The North American Securities Administrators Association offers several resources in this area on its Web site. Other helpful hints from NASAA on what to do before investing your money include asking for all materials from the Central Registration Depository (CRD) about your prospective stockbroker. This computerized database contains licensing and registration information on more than 650,000 stockbrokers.

In addition, search the Investment Adviser Public Disclosure (IAPD) Web site for information on investment adviser representatives and firms registered with state securities regulators and the Securities and Exchange Commission (SEC).

Lastly, you can find information and research on brokers, brokerage firms, investment adviser representatives and investment adviser firms through the BrokerCheck Web site of the Financial Industry Regulatory Authority (FINRA).

FINRA Weighing Whether Brokerages Should Be Required to Carry Arbitration Insurance

The idea of mandating that brokerage firms carry arbitration insurance is on the table for consideration by the Financial Industry Regulatory Authority (FINRA). As reported by the Wall Street Journal last week, the problem of brokerage firms shutting down without paying awards or other legal claims owed to investors has been an ongoing issue for FINRA for some time now.

“We’re going to evaluate the whole area and see if there are additional steps we can take,” said Susan Axelrod, FINRA’s executive vice president of regulatory operations, in the Wall Street Journal story.

As noted in the Wall Street Journal article, “the financial cushion at some brokerage firms is so thin that just one arbitration award could put them out of business. More than 940 firms disclosed net capital of less than $50,000 in their most recent financial reports as of July 1.”

In 2011, FINRA says that $51 million of arbitration awards granted in 2011 haven’t been paid, or 11% of the total awards. The percentage is up from 4% in 2009 and 2010.

Adding to the problem is the fact that many brokers at firms that go out of business often continue working in the financial industry. Meanwhile, investors are left with nowhere to turn and no help by state regulators when they try to collect their awards.

Some state securities regulators support the idea of requiring brokerage firms to have arbitration insurance.
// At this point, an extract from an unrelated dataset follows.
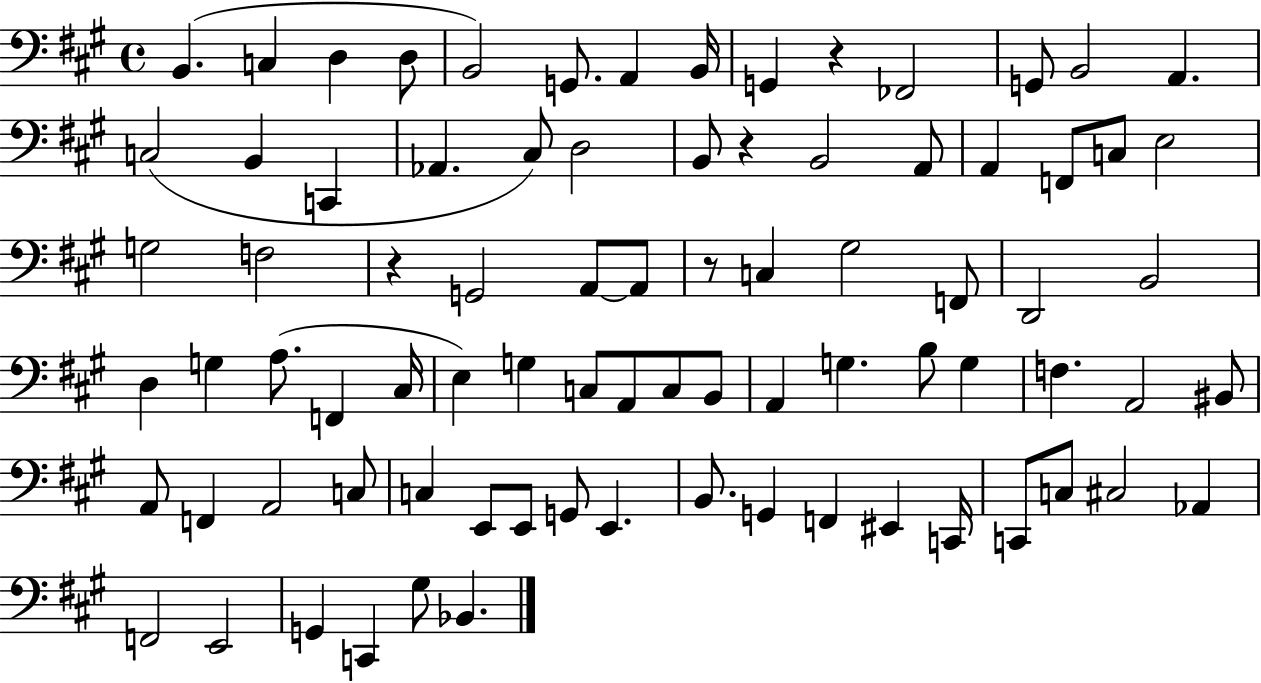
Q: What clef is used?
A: bass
The Securities and Exchange Commission, which oversees FINRA, requires smaller brokerage firms to have net capital of at least $5,000 or a level related to the firm’s debts, if higher. The net capital rules are in place to ensure that brokerage firms can return investors’ assets if the firm fails.
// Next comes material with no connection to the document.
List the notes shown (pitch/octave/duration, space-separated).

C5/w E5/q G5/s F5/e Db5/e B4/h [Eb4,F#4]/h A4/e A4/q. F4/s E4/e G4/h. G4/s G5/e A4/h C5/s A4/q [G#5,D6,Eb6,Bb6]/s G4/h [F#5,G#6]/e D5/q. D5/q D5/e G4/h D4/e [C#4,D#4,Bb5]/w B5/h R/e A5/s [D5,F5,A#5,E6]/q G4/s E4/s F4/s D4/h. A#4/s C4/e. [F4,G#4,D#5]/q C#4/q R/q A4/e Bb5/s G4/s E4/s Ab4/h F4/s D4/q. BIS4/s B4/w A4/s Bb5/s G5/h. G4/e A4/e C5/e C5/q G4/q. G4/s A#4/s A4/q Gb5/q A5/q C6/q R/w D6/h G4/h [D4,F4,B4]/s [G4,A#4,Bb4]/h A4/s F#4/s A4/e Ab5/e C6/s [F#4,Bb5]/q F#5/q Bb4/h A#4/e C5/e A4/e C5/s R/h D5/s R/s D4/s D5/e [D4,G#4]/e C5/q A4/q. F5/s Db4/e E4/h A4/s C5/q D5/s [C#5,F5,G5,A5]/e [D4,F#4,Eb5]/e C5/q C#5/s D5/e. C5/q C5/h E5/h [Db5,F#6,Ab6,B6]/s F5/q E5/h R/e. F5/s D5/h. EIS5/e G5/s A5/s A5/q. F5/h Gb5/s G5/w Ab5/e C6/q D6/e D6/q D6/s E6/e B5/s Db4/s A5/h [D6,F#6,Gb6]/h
Still, those rules don’t do much good for investors who lose money because of alleged broker misconduct and are unable to get their arbitration awards because the firm has shuttered its business.

FINRA’s Axelrod said in the Wall Street Journal article that regulator will consider whether brokerage firms should be required to have “errors and omissions” insurance, which can cover claims for negligence or misconduct by the brokers.

Case in point: Provident Royalties LLC. In 2009, the SEC charged the firm and its three owners of operating a $485 million Ponzi scheme. Earlier this year, the executives pleaded guilty to criminal charges related to the fraud.

FINRA has since taken disciplinary action against several brokerage firms and brokers for allegedly selling Provident Royalties’ private placements without conducting their proper due diligence. More than $150 million was sold by firms that have closed and appear to have no insurance or other means to pay investors.